Dirty looks. Depressed motions. Drizzling rain. It’s the epitome of an entire year of fear, anxiety, and lost hope. It’s my recent trip to The Pacific Northwest.
Seattle has a reputation for raindrops falling on our heads, strangers sleeping on cardboard boxes, and the occasional, “Is that Macklemore?” spotting. This experience was far from the norm. In 2017, I lived with my brother in a condo across the Puget Sound from Seattle. I experienced “the good months.” Sunshine. No wind. No bugs. I knew that my personality wouldn’t be able to handle the dreary weather from September to May complimenting my strong refusal to buy new windshield wipers. Just stay to the left of the white line, right? Anyways, it’s now 2021, a year into a healthcare pandemic, and on immediate arrival, I wanted to go home. I was warned, “It’s a different world out there” but much like most of my life, I didn’t listen.

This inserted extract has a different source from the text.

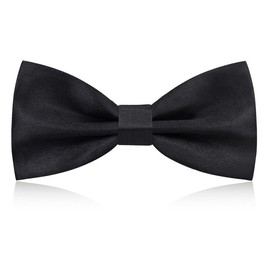 Men's Bow Tie, Solid Color Classic Pre-Tied Bow Tie, Satin Tux Bowtie, Adjustable Formal Neck Bowtie for Men for Party, Wedding (BLACK)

I heard the cautions of mask mandates, low capacity EVERYWHERE, and minimal social interactions but I did not listen to them. For anyone who knows me well, I charge my batteries by interacting with others or “shooting the sh**” as my uncle says. Out here, there is no chatting over the weather with the coffee barista or exchange of smiles on the sidewalks. It’s mid-level torture for extroverts.
We don’t know what we have until it’s gone.
The fresh taste of sushi. The smell of ocean air. The COVID Queen of South Dakota. If you haven’t read the Rolling Stone article or the Keloland highlights on a recent write-up of South Dakota’s Governor, Kristi Noem, I suggest glossing it over. As South Dakotans, we pride ourselves on being self-sufficient, determined and hardworking, at least I do. That’s what it means to be a South Dakotan. “We’re from the country and we like it that way.” – Tracy Byrd. However, most of the world finds us careless (also guilty as charged) and now, I understand why. We don’t wear masks. We don’t socially distance. We haven’t stopped living our lives. It is careless. It is extremely selfish to not “mask-up” when going to the grocery store, to visit your elders, or in my case, bartend at the local country club. Even if you don’t believe in masks, being the better person and taking the precautions either way harms nobody, physically. Maybe your ego but that’s a different topic. And I’m guilty. I’m confident enough to make that statement because I am guilty of the careless whispers (S/O to George Michaels) that South Dakota is irresponsible. I hate wearing a mask. It ruins my makeup, it covers my smile, it amplifies my already hard of hearing. But do I love my grandmas enough to wear a mask when visiting? Yes. Do I respect Dollar General for taking a stand as a brand in a controversial debate? Yes. Do I applaud every city folk who has been trapped inside their homes for months fearing the great outdoors? Yes, because I could never do it. I know what it’s like on that other side of irresponsibility and it’s far too fun to let go. I truthfully didn’t know what I had in my home state, until it was gone.
Contrary to my statements above, this trip is not a lost cause. In fact, it’s revealed a type of privilege I never recognized I had. In journalism, we learn to identify our fault lines to present information with little bias and boy, did I find the whole San Andreas fault. After this adventure, I will act purposefully because time on this Earth is limited. I will devote more respect to my upbringing. I will stay true to living in the uncomfortable because I’ve realized, once again, that “getting lost will help you find yourself.”
Life is short. Pandemics are not. Buy a one way ticket. You’ll learn a lot.